[Scraped caption text data]
- - - - - - -

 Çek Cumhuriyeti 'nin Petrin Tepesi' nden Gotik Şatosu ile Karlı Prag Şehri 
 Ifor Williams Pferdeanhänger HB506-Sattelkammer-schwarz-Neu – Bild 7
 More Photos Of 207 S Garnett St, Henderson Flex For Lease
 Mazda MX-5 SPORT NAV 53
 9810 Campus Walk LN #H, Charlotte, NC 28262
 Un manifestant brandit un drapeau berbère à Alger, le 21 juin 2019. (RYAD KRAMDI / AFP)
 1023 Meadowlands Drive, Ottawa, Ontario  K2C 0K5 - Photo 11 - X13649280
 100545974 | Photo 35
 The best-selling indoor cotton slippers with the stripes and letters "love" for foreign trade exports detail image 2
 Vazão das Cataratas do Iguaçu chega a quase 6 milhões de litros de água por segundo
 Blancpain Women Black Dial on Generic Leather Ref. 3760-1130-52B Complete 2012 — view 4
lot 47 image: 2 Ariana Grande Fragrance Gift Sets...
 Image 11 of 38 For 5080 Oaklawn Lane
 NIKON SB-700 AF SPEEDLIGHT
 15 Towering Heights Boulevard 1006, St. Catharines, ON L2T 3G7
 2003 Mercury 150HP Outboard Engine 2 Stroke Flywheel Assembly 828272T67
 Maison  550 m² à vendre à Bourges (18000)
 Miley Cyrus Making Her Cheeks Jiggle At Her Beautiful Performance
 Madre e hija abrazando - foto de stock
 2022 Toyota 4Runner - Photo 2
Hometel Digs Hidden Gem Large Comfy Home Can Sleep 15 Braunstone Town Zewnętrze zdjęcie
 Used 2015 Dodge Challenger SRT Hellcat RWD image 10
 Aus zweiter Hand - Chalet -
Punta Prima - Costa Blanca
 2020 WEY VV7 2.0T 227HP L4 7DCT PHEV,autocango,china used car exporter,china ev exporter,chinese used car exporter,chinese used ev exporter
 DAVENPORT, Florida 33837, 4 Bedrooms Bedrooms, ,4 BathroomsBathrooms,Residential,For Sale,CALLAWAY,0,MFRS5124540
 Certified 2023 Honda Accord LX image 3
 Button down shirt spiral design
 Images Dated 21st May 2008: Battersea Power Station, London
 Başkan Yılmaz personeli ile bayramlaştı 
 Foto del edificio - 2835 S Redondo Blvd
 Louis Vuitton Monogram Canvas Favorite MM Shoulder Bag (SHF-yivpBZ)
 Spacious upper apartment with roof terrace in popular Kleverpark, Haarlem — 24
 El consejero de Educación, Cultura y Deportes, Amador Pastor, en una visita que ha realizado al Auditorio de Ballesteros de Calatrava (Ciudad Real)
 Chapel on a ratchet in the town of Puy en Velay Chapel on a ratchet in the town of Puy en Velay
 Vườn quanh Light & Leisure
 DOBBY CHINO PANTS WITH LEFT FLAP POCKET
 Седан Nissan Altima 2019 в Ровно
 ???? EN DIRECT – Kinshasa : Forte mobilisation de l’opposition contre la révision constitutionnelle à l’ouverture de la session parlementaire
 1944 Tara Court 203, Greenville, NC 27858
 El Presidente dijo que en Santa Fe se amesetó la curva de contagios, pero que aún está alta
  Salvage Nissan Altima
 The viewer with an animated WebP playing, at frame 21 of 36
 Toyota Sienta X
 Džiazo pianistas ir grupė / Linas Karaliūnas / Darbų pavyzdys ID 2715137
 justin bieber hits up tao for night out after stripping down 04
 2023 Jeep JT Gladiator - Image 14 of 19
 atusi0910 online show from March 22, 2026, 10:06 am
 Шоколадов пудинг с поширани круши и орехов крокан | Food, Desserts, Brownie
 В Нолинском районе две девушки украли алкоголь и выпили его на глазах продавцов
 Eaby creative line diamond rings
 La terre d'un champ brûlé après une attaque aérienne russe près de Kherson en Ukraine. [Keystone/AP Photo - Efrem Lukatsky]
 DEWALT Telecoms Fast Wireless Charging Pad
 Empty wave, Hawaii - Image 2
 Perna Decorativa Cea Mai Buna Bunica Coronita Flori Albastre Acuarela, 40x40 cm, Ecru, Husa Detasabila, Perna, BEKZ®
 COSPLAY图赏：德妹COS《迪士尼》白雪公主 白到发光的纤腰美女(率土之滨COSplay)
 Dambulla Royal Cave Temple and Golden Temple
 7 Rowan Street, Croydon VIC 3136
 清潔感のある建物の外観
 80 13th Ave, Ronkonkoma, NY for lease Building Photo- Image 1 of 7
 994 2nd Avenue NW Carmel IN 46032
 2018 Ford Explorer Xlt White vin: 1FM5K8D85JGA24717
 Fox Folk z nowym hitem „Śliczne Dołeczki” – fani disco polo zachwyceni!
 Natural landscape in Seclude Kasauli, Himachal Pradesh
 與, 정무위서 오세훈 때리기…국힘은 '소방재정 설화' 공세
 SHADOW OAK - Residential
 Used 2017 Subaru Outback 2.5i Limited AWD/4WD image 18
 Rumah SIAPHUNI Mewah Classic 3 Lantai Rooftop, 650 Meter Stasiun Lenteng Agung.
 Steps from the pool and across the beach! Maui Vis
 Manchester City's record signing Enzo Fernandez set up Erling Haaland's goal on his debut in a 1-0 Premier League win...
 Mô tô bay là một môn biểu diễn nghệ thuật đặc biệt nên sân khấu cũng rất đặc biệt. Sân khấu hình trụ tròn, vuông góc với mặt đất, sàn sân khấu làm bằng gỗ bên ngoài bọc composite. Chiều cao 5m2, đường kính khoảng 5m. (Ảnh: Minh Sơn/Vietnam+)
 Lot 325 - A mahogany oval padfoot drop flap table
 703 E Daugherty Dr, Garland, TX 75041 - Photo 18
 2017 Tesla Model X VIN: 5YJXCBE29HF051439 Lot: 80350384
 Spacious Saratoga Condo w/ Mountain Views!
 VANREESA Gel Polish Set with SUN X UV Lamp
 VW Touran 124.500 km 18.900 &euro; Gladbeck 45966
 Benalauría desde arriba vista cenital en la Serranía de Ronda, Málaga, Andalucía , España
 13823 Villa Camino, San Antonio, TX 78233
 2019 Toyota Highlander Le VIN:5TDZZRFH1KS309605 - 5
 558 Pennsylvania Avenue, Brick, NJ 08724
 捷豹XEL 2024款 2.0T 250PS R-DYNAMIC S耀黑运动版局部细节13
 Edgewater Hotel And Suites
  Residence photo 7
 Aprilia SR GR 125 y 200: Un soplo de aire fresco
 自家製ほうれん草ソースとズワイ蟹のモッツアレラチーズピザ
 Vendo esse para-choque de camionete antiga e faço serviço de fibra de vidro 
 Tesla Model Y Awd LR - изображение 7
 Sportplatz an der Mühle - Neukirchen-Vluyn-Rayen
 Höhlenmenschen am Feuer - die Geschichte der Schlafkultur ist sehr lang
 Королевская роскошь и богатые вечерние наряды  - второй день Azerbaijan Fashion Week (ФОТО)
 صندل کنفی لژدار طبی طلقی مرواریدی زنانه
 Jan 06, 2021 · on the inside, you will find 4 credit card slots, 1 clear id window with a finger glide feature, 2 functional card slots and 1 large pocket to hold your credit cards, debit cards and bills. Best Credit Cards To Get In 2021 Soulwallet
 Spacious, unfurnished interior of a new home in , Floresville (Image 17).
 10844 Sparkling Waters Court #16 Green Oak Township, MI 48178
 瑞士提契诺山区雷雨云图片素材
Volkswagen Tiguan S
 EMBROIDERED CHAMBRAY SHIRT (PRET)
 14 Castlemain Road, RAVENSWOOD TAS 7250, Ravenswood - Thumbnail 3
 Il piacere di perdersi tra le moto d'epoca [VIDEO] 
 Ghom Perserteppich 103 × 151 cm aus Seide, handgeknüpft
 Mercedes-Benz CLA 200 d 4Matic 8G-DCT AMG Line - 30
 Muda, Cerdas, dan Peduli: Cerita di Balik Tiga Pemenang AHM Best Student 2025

- - - - - - -

▶ Work required: Look above for the line holding "The viewer with". Print it and every line after it, exactly, through the line holding "Eaby creative line diamond rings".

▶ Task answer:
 The viewer with an animated WebP playing, at frame 21 of 36
 Toyota Sienta X
 Džiazo pianistas ir grupė / Linas Karaliūnas / Darbų pavyzdys ID 2715137
 justin bieber hits up tao for night out after stripping down 04
 2023 Jeep JT Gladiator - Image 14 of 19
 atusi0910 online show from March 22, 2026, 10:06 am
 Шоколадов пудинг с поширани круши и орехов крокан | Food, Desserts, Brownie
 В Нолинском районе две девушки украли алкоголь и выпили его на глазах продавцов
 Eaby creative line diamond rings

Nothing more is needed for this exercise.